Bulk of him slouches forward in despair and I sense the opportunity to put him at ease.

“Boka, you’re like a dear brother to me. Bear in mind that whatever I’m doing is for our own good. Between prison and freedom, I will win us freedom.”

“But how?”

“Because I’ll become the boss soon.”

“How?”

Bang! Boulders have a way of returning the sound back to you. Back to you. Back to you. Bitter and powdery stuff are stuck to the roof of my palate. Bodies have a bizarre way of contorting themselves once life is knocked out and by the sight of it you can tell that man needs additional help to make life memorable, or why do the Bee people go to great lengths to make their dead feel remarkable? Boka wouldn’t have done this to me if I had slipped and such faith was dangerous because sooner or later the complacency would have led me to slip up before others. Better Boka than me. Both of us had permanently left. Bears we are now, who can’t live without honey, not because we need it, rather we must have it.
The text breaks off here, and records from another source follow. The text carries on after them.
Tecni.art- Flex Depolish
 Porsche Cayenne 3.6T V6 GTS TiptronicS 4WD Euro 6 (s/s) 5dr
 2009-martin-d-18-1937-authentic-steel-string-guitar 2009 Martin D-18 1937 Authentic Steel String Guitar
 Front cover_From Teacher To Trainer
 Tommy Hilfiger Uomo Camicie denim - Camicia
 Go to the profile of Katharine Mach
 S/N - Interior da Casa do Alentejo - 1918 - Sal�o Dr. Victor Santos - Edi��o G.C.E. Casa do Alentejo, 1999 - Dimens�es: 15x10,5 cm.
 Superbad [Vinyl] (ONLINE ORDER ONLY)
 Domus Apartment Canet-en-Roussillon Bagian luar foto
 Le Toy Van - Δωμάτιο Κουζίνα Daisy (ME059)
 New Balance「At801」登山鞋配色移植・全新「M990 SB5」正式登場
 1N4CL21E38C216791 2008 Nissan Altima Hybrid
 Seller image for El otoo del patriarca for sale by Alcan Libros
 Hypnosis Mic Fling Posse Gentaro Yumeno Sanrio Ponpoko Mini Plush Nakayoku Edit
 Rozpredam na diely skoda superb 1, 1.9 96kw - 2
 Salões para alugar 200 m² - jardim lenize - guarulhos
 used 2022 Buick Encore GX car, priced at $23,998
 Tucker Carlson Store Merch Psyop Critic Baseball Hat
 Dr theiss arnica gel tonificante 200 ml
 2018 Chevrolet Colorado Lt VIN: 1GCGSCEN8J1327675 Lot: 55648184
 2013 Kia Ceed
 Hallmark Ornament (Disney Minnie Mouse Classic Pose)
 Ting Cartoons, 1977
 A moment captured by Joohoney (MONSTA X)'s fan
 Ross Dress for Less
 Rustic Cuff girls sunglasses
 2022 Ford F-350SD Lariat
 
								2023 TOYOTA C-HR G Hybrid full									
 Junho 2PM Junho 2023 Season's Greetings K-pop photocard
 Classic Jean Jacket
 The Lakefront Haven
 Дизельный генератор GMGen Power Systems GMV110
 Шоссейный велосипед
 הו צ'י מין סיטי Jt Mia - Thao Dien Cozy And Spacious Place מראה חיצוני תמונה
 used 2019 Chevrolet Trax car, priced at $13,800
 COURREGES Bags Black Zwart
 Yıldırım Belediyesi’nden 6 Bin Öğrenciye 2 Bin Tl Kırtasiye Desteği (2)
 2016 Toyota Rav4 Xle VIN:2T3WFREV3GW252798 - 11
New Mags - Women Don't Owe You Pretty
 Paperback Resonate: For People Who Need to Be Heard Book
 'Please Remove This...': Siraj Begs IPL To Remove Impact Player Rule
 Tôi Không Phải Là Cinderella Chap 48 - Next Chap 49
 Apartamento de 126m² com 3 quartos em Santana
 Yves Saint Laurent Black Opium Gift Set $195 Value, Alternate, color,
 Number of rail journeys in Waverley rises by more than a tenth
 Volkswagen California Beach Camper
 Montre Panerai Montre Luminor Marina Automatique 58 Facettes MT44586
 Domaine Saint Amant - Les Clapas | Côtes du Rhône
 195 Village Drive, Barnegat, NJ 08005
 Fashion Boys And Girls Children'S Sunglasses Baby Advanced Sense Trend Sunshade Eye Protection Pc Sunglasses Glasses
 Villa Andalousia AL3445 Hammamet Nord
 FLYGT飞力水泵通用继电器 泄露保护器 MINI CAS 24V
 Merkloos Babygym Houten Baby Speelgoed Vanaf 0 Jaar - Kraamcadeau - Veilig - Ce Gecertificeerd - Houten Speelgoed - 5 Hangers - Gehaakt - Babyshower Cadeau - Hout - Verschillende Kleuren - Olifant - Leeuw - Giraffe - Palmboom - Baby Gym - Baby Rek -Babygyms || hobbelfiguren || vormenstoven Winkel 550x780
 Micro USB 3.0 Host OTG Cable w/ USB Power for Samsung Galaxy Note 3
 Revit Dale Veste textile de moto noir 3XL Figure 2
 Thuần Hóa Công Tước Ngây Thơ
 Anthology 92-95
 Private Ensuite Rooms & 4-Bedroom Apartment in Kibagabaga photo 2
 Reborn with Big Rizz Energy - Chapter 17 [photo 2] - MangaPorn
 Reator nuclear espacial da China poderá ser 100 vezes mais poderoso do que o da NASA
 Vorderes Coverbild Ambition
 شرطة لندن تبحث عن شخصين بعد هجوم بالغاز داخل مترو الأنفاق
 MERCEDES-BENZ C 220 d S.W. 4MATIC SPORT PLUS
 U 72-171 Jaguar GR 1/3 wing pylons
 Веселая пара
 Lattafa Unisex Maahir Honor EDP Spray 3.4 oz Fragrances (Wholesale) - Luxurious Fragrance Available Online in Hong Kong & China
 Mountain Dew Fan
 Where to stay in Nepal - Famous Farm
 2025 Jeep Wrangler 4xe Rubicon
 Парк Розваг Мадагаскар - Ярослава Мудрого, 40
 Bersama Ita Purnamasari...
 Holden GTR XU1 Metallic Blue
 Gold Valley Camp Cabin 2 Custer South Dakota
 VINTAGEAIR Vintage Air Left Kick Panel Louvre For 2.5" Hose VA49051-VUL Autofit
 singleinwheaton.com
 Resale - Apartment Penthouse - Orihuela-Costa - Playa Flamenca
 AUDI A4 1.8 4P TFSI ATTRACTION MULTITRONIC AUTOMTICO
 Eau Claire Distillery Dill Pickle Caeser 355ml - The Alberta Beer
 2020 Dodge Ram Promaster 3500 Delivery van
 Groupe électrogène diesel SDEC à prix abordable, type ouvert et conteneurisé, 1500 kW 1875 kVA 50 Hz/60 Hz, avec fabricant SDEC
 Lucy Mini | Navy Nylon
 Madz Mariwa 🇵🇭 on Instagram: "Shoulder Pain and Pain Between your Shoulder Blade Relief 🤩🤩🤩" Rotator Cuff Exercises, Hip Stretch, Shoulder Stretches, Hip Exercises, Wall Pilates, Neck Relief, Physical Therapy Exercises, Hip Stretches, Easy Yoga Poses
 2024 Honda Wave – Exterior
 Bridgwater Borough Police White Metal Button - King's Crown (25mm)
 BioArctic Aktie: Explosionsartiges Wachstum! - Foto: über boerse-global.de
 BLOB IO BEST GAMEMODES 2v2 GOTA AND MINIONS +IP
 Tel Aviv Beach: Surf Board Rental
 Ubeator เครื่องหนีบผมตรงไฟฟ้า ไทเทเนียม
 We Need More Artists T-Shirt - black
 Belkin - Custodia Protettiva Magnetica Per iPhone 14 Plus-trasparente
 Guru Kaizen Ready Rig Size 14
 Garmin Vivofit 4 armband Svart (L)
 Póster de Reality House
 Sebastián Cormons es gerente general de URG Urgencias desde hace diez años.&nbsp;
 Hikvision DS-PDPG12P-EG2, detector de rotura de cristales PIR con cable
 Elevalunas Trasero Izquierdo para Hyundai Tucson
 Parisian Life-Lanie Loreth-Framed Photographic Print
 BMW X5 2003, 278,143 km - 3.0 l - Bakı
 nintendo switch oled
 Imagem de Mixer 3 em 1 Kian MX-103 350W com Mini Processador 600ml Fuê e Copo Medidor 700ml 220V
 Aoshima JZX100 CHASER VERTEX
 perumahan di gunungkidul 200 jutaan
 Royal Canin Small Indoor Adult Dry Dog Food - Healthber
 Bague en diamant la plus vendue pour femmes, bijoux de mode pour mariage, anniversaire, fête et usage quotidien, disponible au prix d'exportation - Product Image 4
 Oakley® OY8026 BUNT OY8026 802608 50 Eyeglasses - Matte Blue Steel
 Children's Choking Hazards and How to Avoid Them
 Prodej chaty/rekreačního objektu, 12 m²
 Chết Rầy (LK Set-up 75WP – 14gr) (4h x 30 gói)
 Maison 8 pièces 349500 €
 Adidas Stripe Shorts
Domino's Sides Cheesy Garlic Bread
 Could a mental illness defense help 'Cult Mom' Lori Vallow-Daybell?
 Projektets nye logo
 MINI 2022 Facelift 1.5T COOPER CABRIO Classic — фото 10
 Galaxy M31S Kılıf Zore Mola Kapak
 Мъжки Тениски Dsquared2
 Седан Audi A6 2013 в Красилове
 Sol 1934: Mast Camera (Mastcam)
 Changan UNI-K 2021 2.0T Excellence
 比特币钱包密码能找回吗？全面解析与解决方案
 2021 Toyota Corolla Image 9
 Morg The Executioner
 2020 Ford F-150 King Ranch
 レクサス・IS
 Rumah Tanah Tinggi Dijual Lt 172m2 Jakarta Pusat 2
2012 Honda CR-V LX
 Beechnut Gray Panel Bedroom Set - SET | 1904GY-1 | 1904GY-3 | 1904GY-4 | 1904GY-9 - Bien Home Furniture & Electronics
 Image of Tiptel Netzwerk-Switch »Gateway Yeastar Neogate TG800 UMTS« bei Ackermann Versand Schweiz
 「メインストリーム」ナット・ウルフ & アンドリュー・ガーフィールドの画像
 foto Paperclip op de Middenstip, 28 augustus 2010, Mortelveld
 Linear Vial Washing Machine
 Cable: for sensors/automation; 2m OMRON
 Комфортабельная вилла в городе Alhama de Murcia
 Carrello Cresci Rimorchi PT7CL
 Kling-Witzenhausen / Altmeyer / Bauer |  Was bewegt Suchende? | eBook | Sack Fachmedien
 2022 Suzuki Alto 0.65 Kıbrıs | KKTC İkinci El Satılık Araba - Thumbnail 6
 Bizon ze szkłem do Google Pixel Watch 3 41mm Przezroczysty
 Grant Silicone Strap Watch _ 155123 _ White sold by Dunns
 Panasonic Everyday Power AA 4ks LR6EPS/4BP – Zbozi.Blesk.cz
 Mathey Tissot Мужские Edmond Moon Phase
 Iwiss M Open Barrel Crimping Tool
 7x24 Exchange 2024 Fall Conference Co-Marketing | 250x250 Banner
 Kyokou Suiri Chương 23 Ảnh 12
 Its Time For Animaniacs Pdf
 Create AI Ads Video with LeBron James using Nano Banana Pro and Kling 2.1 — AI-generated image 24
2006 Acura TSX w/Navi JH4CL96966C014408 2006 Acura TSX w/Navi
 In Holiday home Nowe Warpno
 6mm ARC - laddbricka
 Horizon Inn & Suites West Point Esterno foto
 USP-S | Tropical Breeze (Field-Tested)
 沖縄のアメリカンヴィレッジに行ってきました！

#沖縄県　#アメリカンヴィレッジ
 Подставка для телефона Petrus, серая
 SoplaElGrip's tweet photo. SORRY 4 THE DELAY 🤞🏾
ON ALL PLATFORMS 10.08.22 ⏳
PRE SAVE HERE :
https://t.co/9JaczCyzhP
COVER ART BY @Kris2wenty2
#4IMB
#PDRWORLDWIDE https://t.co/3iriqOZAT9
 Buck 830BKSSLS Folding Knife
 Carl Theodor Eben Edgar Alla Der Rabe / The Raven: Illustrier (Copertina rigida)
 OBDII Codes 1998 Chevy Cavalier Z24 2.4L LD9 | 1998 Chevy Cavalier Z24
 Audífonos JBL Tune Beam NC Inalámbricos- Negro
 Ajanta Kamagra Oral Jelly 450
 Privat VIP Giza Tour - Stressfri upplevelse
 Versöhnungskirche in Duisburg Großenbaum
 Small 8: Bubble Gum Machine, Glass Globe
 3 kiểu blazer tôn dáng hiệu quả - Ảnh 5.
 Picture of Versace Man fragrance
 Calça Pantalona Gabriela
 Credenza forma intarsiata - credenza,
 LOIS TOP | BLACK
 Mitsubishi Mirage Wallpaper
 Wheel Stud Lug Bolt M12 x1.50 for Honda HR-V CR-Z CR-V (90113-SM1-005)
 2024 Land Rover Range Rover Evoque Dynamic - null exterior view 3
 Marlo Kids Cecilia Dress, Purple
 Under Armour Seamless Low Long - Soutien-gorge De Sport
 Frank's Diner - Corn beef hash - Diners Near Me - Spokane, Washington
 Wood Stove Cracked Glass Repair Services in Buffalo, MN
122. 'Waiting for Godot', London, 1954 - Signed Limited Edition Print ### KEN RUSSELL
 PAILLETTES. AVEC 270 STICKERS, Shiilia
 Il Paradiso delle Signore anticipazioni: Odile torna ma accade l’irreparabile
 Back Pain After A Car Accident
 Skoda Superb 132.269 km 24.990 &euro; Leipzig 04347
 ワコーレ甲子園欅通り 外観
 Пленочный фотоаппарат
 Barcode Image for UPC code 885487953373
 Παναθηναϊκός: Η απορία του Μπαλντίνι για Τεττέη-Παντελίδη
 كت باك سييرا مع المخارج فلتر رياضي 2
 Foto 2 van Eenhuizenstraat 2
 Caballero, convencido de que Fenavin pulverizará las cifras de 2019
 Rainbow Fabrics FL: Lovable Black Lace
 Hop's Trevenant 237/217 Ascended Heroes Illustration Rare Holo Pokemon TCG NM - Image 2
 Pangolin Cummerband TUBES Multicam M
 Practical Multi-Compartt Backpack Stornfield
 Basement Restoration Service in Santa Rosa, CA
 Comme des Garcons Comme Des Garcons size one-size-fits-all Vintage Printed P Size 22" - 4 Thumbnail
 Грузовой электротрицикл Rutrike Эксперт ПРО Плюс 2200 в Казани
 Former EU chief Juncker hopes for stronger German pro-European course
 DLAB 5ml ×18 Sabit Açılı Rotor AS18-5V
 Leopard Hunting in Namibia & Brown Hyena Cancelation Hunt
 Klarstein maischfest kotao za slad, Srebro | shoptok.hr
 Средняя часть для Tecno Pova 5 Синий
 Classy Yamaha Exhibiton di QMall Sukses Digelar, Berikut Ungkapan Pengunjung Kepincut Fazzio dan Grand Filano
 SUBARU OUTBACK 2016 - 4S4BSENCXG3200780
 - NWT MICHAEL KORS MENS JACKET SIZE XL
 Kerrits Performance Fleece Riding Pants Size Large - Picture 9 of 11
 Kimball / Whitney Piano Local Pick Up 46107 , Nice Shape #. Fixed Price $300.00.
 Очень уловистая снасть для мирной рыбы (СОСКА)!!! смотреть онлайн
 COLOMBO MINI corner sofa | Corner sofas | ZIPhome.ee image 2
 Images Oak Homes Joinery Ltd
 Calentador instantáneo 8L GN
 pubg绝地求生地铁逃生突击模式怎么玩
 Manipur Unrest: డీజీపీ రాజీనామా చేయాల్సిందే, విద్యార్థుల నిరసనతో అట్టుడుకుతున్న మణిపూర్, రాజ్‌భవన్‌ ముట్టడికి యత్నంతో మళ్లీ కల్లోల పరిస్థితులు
Burning my mind and tongue with the Bear gang’s code was not easy, but I did so to stop running and to become an original one day by imitating a bunch of barbarians.

By a lonesome brush, Boka’s head rests. Bridal color is my favorite color I’ve told you, but that doesn’t mean I want to see it on my friend’s face. Bottles of honey jangle in the backpack, which I retrieve into my possession. Beyond a boulder pile I see the giant babool tree under which we had parked our motorbike, and thereto I walk. By the tree’s feet I take rest and twist open a bottle. Before I could take a sip, a bit of heavy and tart buzz tickles the back of my throat, tempting me to say my name, my real one before the Bear gang replaced it with one starting with the letter “b.” Beautiful like a dew drop is how my mother used to describe my name. But my tongue, my mind, couldn’t coordinate to say it anymore. Barred, blocked, blotted, blipped . . . bloody bamboozled bucking bizzarrrrrrrrrd…broooohhh brooooooohhh....

Back home someone remembers my name still and rolls it off the tongue like I’m still there. Bothered not by any code or game. Bewitched not by blood or power. Boka is there too, boasting how burly he is, like a bull. Bedecked in flower and jewelry his bride awaits him to turn in her direction. “Book it!” someone calls before a bullet is fired, and I take a swig of honey. Buzz as sharp as broken glass travels down my trachea, leaving me drained and sad. But like the inconvenient voices of the past, this one too shall be buried.

This story started from a self-challenge, a writing constraint: how about a story where each sentence starts with the letter 'b'? It was whimsical and playful at first, but I started to like the narrative voice that emerged from the challenge. Later, the theme took shape: from the letter 'b' to bees, and everything beautiful and inspiring that species represents, and how that could be a metaphor for societal tension. This story has been at work for many years now. But the more I worked on it, the more natural the constraint felt.